Select all of the tolven projects in Eclipse Package Explorer view as shown here. Right mouse and select Team > Synchronize. This will selectively update your source code from CVS and not disturb any local changes you may have unless you specifically select override and update. You will be pulling source from the most current versions (HEAD) of files in CVS. This is a constantly moving target and so you have little assurance of the stability of the code (although you are assured of seeing the latest code).
We tag source code nightly so that you have the option of pulling a slightly more stable "snapshot" of the source code. These snapshots are labeled with a B, the year, month, day, hour and minute of when the snapshot was done. To pull a snapshot rather than the current version of source code is simple in Eclipse. (Be sure you have no uncomitted local changes). Select all of the tolven projects in the Package Explorer, right mouse Team>Switch to another Branch or Version option. Select Select the tag from the following list and choose the tag you want to download from under Versions. This will adjust your source code environment backward or forward to match that tag. (Tags are listed below along with the notes about that release, most recent first).
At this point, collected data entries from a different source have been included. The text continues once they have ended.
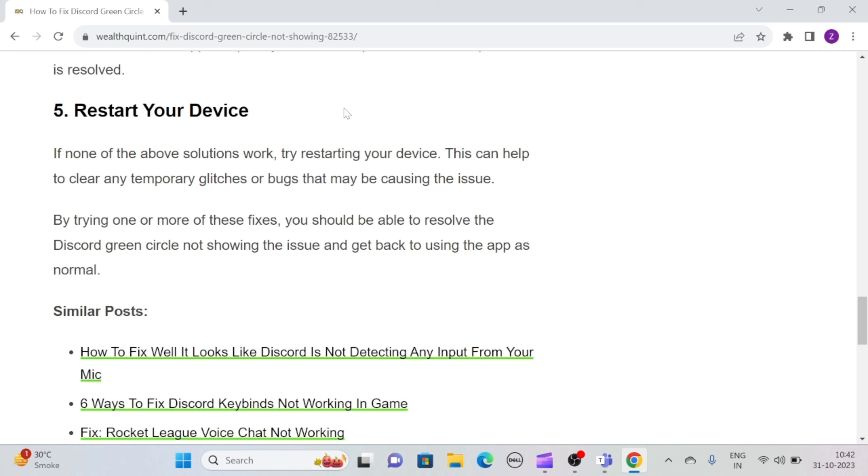By trying one or more of these fixes, you should be able to resolve the Discord green circle not showing issue and get back to using the app as normal.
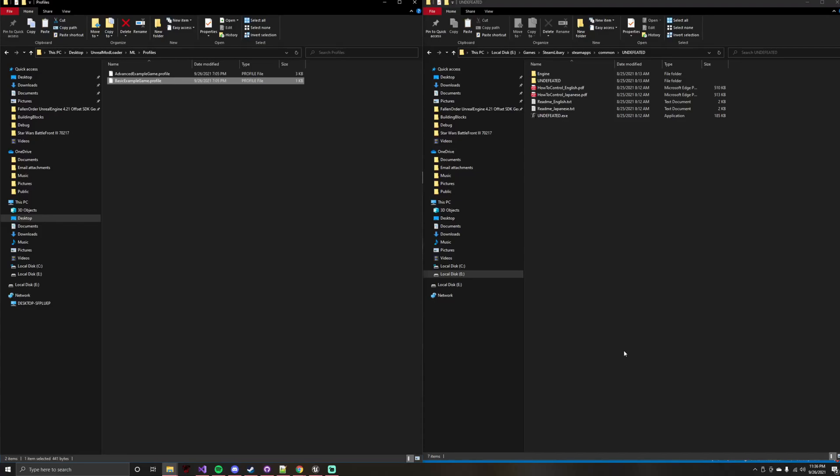Alright, so this is the first real video part of the documentation series on the Unreal Mod Loader. Basically what this video is about is adding support for a game that doesn't already have support, but how to add support for pretty much almost any Unreal Engine game.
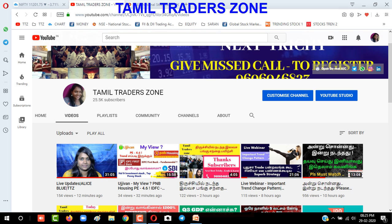Hello Friends! Welcome to Tamil Traders Zone Channel. I am Saranya. In this video, we will address many subscriber doubts and questions. If this information is useful to you, please like, comment and share. Let's go to the video.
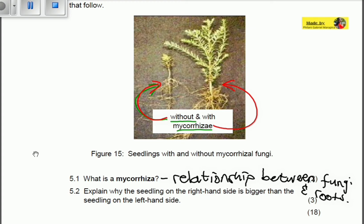Let's title them A and B. You can see that plant A is actually smaller than plant B. Since plant B has got mycorrhiza, it is big.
Selecting an older tag than the one you've used won't have any effect on the database or LDAP servers. So you may experience backward compatibility issues. Neither forward nor backward compatibility are promised between low-level builds. Nevertheless, we will try to warn you when this is a possibility and suggest a remedy if at all possible.
New libraries are sometimes added to the build. See this section of the above for the complete project-to-library matrix so that your Eclipse Package Eplorer can do proper error checking..
OpenSSL, which is used by JBoss, PostgreSQL and openLDAP, will not accept a key file that has world read permission so you will need to hunt each one down and change it's permission. (Microsoft XP Professional and Linux. You can skip this step when installing on XP Home.
Starting with jboss:
C:\<tolven-kit>\tolven-jboss-4.0.4.GA\server\tolven\conf
Right mouse these three files and select properties:
If you don't see the security tab, cancel the properties dialog, go to Tools > Folder Options and unselect the View option "Use simple file Sharing" (at the bottom of the list of View options). Now select the files again...
Click the Advanced option which should look something like this. You'll need to uncheck the Inherit from parent... checkbox.
doing so will ask if you want to copy or remove the settings for these files:
Select Copy and then you can remove the Users group from the access list which should look something like this:
OK, now that you have the pattern, do the same thing to other files as follows:
In C:\openLDAP, three pem files need to be protected.
In
C:/postgreSQL/8.2/data
three more files need to be protected.
You'll notice in this case that the user postgres is also listed among the users that can access these files, which is good, but like the other files, you must remove access by "users" if present.
Finally, you'll need to change the credentials used by the database administration tool which are stored in the hidden portion of your documents and settings.
Note: Substitute your username for <tolvenuser> below. Look in the directory:
C:\Documents and Settings\<tolvenuser>\Application Data\postgresql
which was created when you installed PostgreSQL.
In this directory are the credentials that the PGadminIII (postgreSQL DB server client) needs to provide to the postgreSQL server. They essentially identify the user account authorized to access the database server.
Select the two files and remove world (users) access to the file as you did with all the others.